SANAA (AFP) — Al-Qaeda has claimed responsibility for a rocket attack late Sunday on villas housing US oil experts in Yemen's capital, a security source said Monday.
"Al-Qaeda has claimed the attack on the villas in Sanaa and the security services have obtained a statement confirming this from one of Al-Qaeda's websites on the Internet," the source, who declined to be named, told AFP
AFP was unable to access a website that traditionally carries such statements to confirm the claim.
Yemeni police arrested seven people in connection with the attack, the security source added, without giving details.
The attack was the latest to hit the impoverished state which has been plagued by Al-Qaeda-linked violence.
The attack on the villas, located next to a residential complex for other Westerners, occurred two days after the arrest in Sanaa of an Al-Qaeda operative, Abdullah al-Rimi, according to the security source.
Residents told AFP three rockets struck near the residences of US employees of the Yemen-owned Safer oil company, formerly known as Hunt Oil.

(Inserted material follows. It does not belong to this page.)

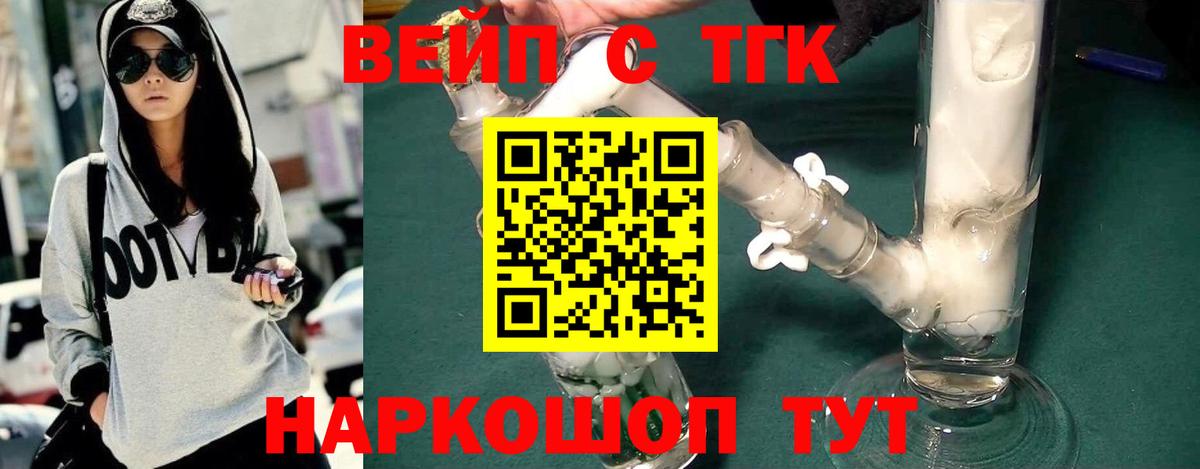 купить  цена  Вход с VPN  Электросталь  Дистиллят ТГК концентрат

There were no reports of casualties.
The villas are situated close to a residential compound in the Al-Hadda neighbourhood of southwestern Sanaa. Foreigners, including Westerners and Arabs, live in the compound which also houses the oil company's offices.
Suspected Al-Qaeda militants have carried out several attacks in recent years in Yemen, the ancestral homeland of the terror network's chief Osama bin Laden.
Only last month, Al-Qaeda's wing in Yemen, which calls itself Jund Al-Yemen Brigades, claimed in an Internet statement to have targeted the American embassy in Sanaa in an attack that hit a nearby girls' school.
A schoolgirl and a policeman were killed and 19 people were wounded in the March 18 attack which Washington said targeted the US embassy.
In a statement posted on an Islamist militant website, the Jund Al-Yemen Brigades said it "launched five mortar shells at the American embassy in Sanaa."
The US-based SITE Intelligence Group, which monitors militant websites, said the statement did not give a date for the attack but acknowledged that one shell missed the target and hit the neighbouring school.